Jogando a toalha
As edições online dos jornais informavam, desde o final da tarde desta quinta-feira, que durante a curta gestão da ex-secretária Lina Vieira, a Receita Federal reduziu sua ação contra grandes empresas.
O Estado de S.Paulo parece ter jogado a toalha que vinha mobilizando a imprensa nas últimas semanas.
Ao publicar entrevista do líder do governo no Senado, Romero Jucá, desmentindo uma série de especulações que procuravam dar verossimilhança à denúncia de Lina Vieira de que havia sofrido pressões da ministra Dilma Rousseff para “agilizar” a fiscalização sobre o empresário Fernando Sarney, o jornal paulista parece estar tentando se redimir de uma enorme barrigada.
Para preservar algum respeito pela imprensa, convém considerar a controvérsia entre a ex-secretária e a ministra como um equívoco, porque a outra alternativa, a hipótese de que os principais jornais do País estão engajados numa campanha para desacreditar a provável candidata situacionista à Presidência da República, soa absurda demais, pelo risco que representa para a própria imprensa.
Algumas informações divulgadas por outros meios oferecem claros indícios de que a versão apresentada com insistência pelos jornais não sobreviveria à mais simples investigação.
Uma dessas informações circula pela internet, com origem no portal Terra, que entrevistou o ex-secretário da Receita Everardo Maciel, que por haver ocupado o cargo durante todos os dois períodos do governo Fernando Henrique Cardoso, não pode ser visto como figura suspeita de tentar favorecer a ministra petista. Maciel afirma que toda essa história, bem como a acusação de irregularidades com que a oposição tenta alimentar a CPI da Petrobras, não passam de factóides sem fundamento.

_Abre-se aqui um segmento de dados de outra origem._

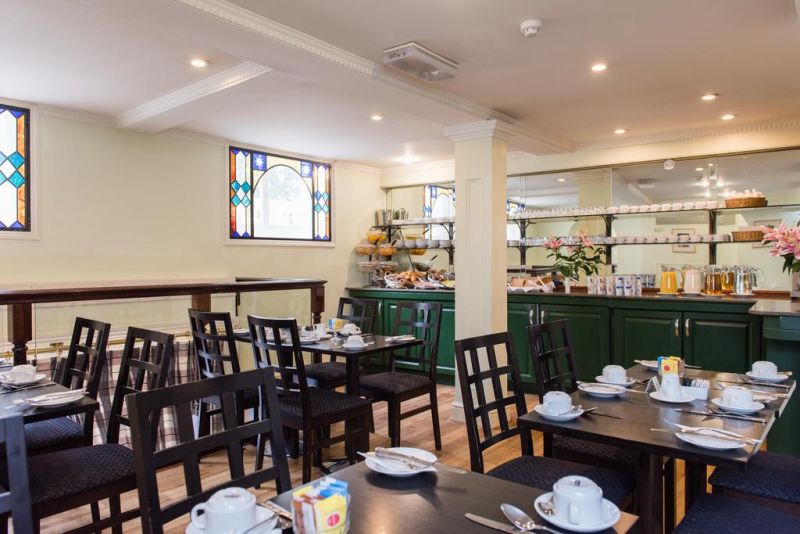 The Byron London 3*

Ao apostar numa história inconsistente que pode ser desmentida cabalmente a qualquer momento, os principais meios da imprensa brasileira colocam sua reputação na linha de tiro.
O atentado sutil
Alberto Dines:
– O Brasil está menos democrático desde quarta-feira. Ninguém notou, ninguém foi para a rua protestar. Alguns jornais registraram e mesmo assim sem comentários. O problema reside justamente nesta forma, digamos “homeopática”, de diminuir os direitos e encurtar as liberdades fingindo que nada aconteceu. Quando a democracia é atingida de forma abrupta, forte, ostensiva, é possível esperar reações, resistência e até recuos do arbítrio. Mas os cortes nos direitos efetuados de forma sutil, disfarçada, são os mais perigosos porque acostumam a sociedade a dispensar a plenitude democrática. O atentado à democracia, à isonomia e ao Estado de direito ocorreu no plenário da Câmara Federal na quarta à noite quando foi aprovada — sob os veementes protestos do PSOL e do PPS — a Concordata do Estado brasileiro com o Vaticano conferindo à religião católica uma situação privilegiada. Quarta à noite, desapareceu o pouco que restava do estado laico: a República Brasileira deixou de ser secular. A República brasileira tornou-se menos republicana. A complacência mais grave e ainda mais perigosa manifestou-se na omissão dos parlamentares ligados às diferentes confissões não-católicas, sobretudo luteranas. Não reagiram diante da flagrante injustiça porque o governo prometeu-lhes compensações. Que tipo de compensação? Como não existe um estado luterano semelhante à Santa Sé está excluída a hipótese de outra Concordata. A aspiração maior dos evangélicos é não perder o espaço que conquistaram na última década tanto na esfera política como midiática: em outras palavras – as concessões de canais de radiodifusão no Brasil continuarão sendo negociadas em troca de vantagens políticas. O combate entre a Rede Globo e a Rede Record é fictício, ficcional. A Rede Globo não veicula programas religiosos. A Record, sim. Uma inconstitucionalidade será compensada por outra e nada impede que em segredo seja produzida uma terceira. O fim do estado laico decidido na Câmara dos Deputados não representa apenas uma regressão em matéria espiritual. Somada à calamitosa situação moral do Senado enfia o país no perigoso caminho da prepotência.